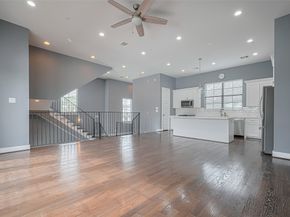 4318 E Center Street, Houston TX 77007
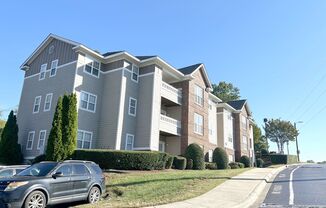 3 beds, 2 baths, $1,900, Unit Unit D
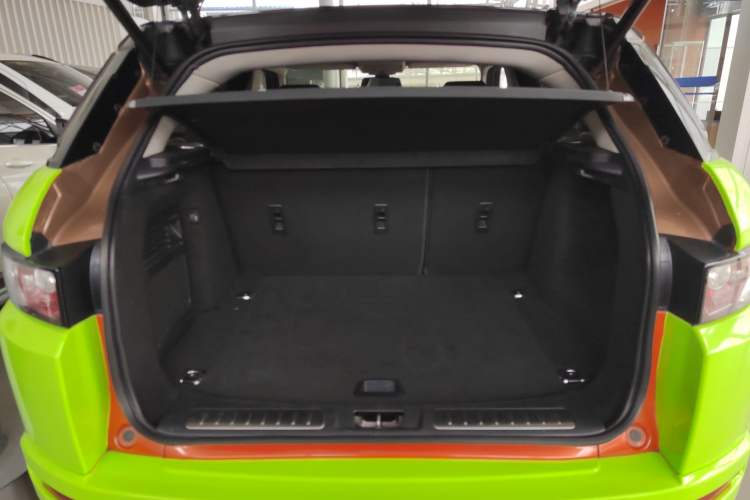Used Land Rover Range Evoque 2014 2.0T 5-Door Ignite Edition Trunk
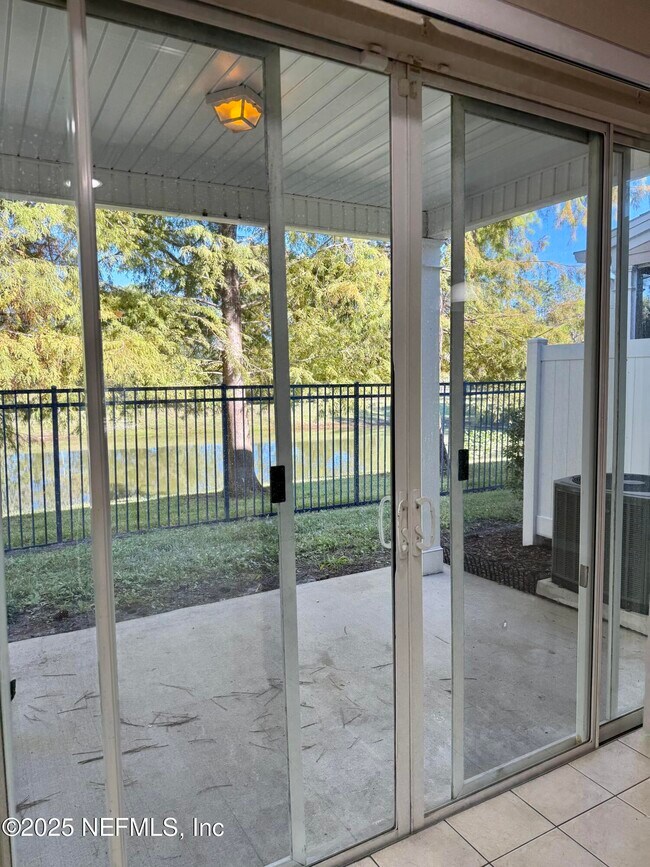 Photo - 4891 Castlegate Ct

* * *

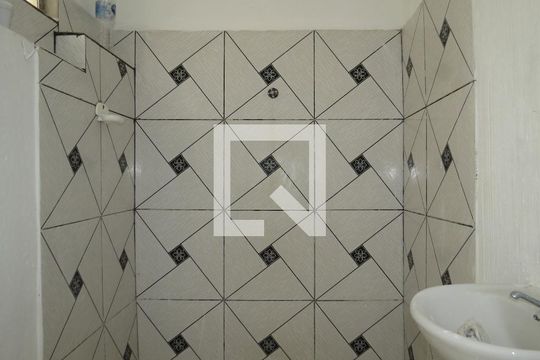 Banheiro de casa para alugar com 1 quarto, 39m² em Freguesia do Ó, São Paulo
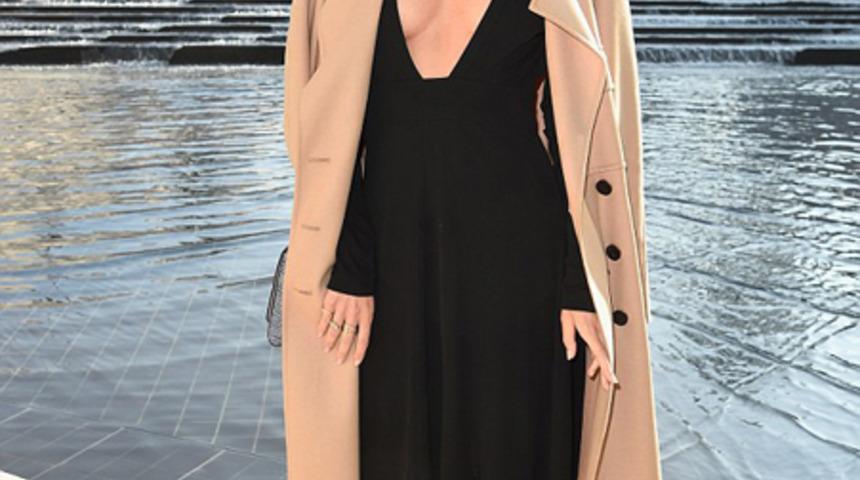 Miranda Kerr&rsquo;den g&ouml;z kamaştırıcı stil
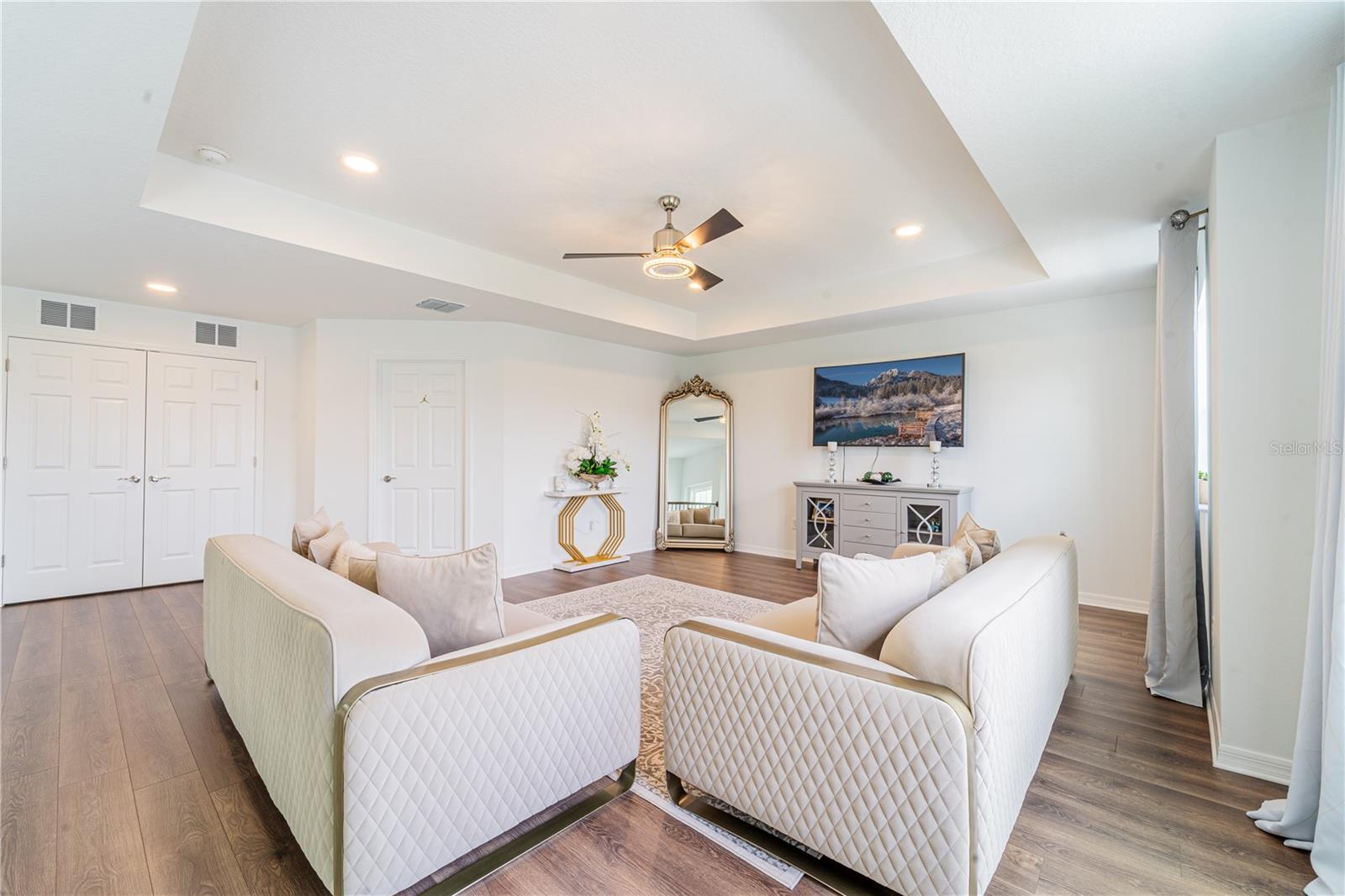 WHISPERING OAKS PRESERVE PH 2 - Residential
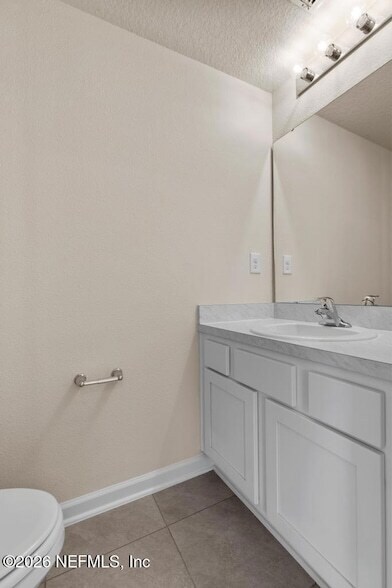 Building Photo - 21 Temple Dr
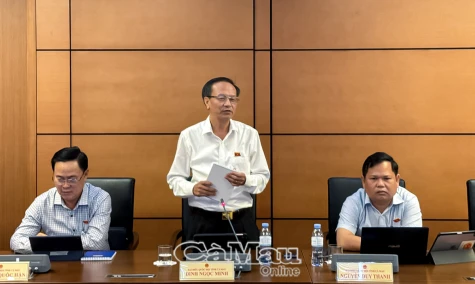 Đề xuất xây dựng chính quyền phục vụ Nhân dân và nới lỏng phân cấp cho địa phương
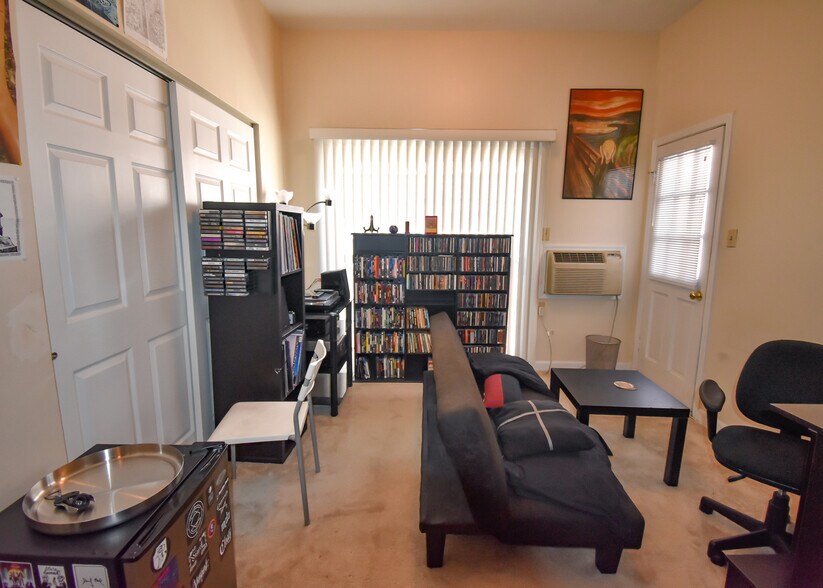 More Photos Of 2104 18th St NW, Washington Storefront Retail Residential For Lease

==

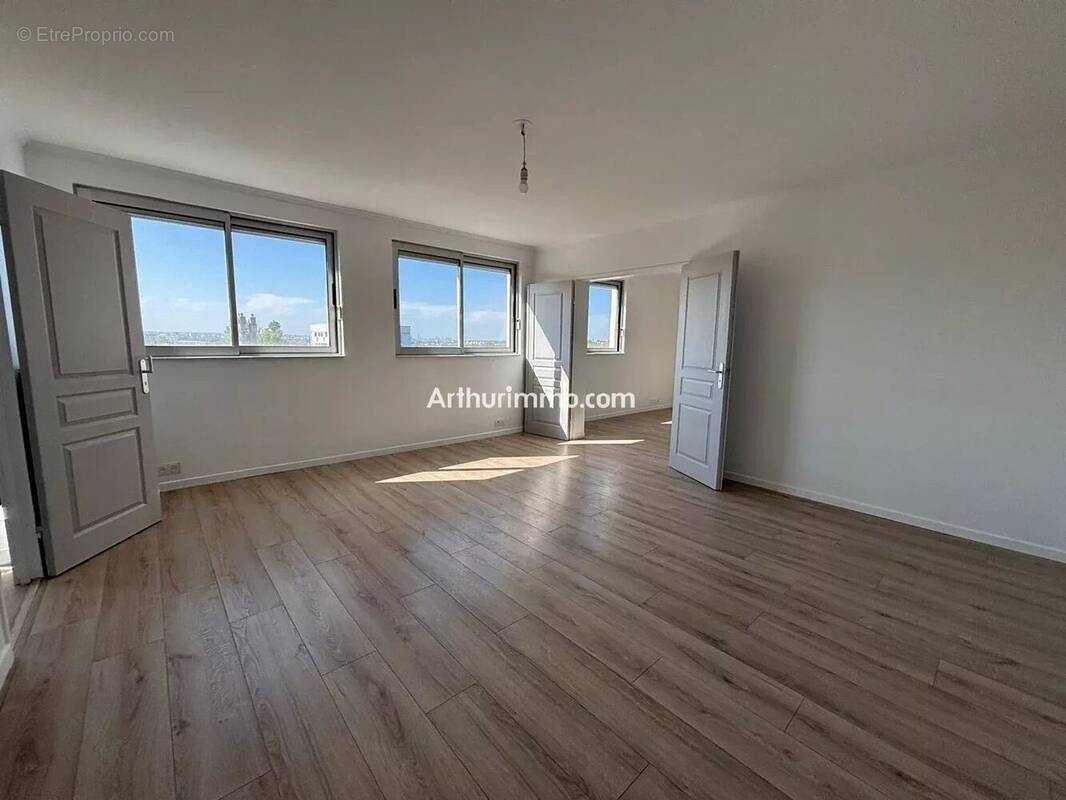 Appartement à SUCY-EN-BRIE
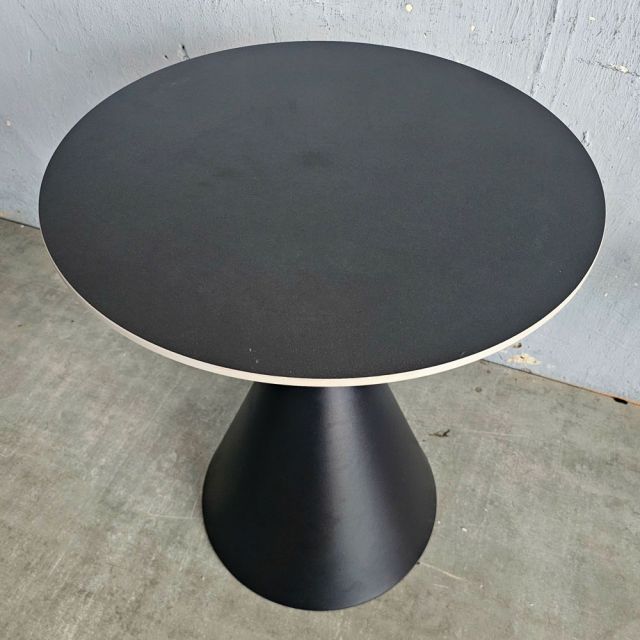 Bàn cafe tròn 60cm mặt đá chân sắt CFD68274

* Task brief *
Starting at the line above with "WHISPERING OAKS PRESERVE PH 2 - Residential", output every line exactly up to and including the line with "More Photos Of", but none of the pictures.

* Result for this exercise *
 WHISPERING OAKS PRESERVE PH 2 - Residential
 Building Photo - 21 Temple Dr
 Đề xuất xây dựng chính quyền phục vụ Nhân dân và nới lỏng phân cấp cho địa phương
 More Photos Of 2104 18th St NW, Washington Storefront Retail Residential For Lease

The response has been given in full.